● **Source material**

- Opening Delimiter -

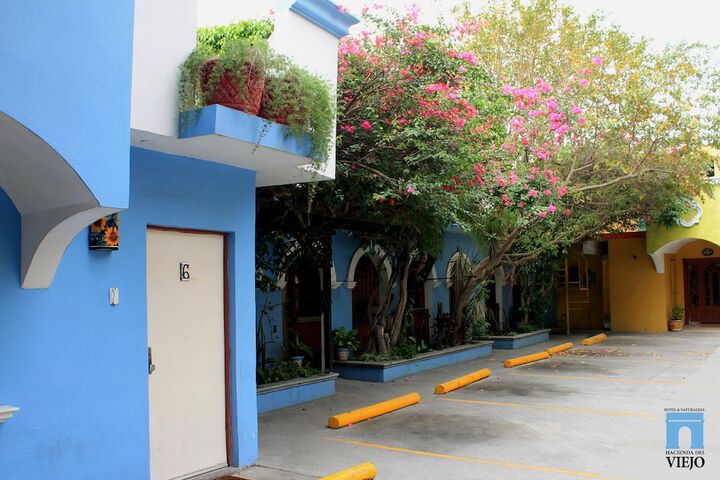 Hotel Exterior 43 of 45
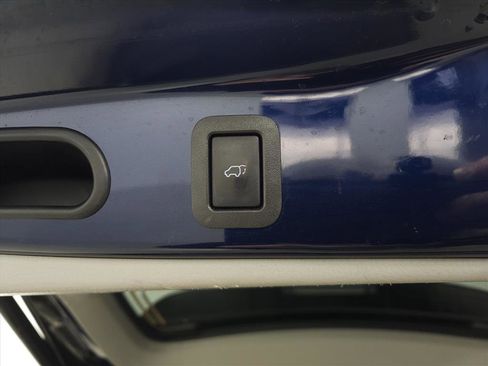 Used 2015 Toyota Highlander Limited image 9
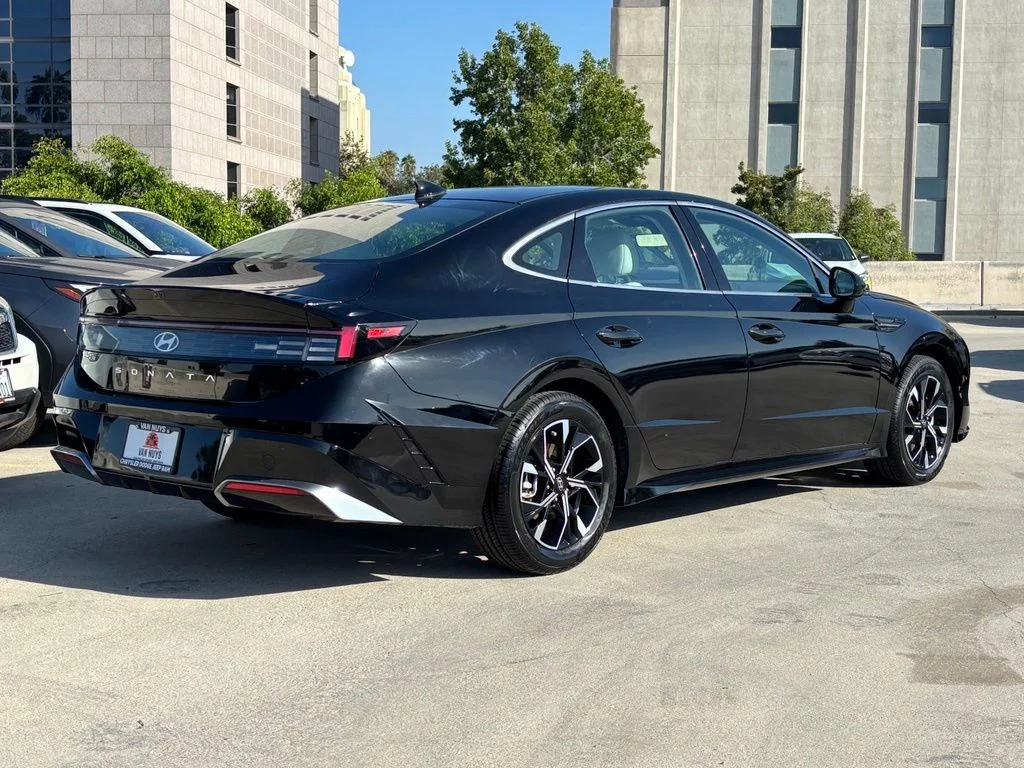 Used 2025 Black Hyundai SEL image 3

- Closing Delimiter -
- Opening Delimiter -

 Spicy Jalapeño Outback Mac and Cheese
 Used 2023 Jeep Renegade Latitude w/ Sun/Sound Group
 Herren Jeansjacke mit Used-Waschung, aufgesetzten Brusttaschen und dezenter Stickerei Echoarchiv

- Closing Delimiter -

● **Work to complete**
There is a line with "Spicy Jalapeño Outback Mac and Cheese" and a line with "Herren Jeansjacke mit" above. Copy exactly those two lines and all lines between them, with nothing else.

● **Answer**
 Spicy Jalapeño Outback Mac and Cheese
 Used 2023 Jeep Renegade Latitude w/ Sun/Sound Group
 Herren Jeansjacke mit Used-Waschung, aufgesetzten Brusttaschen und dezenter Stickerei Echoarchiv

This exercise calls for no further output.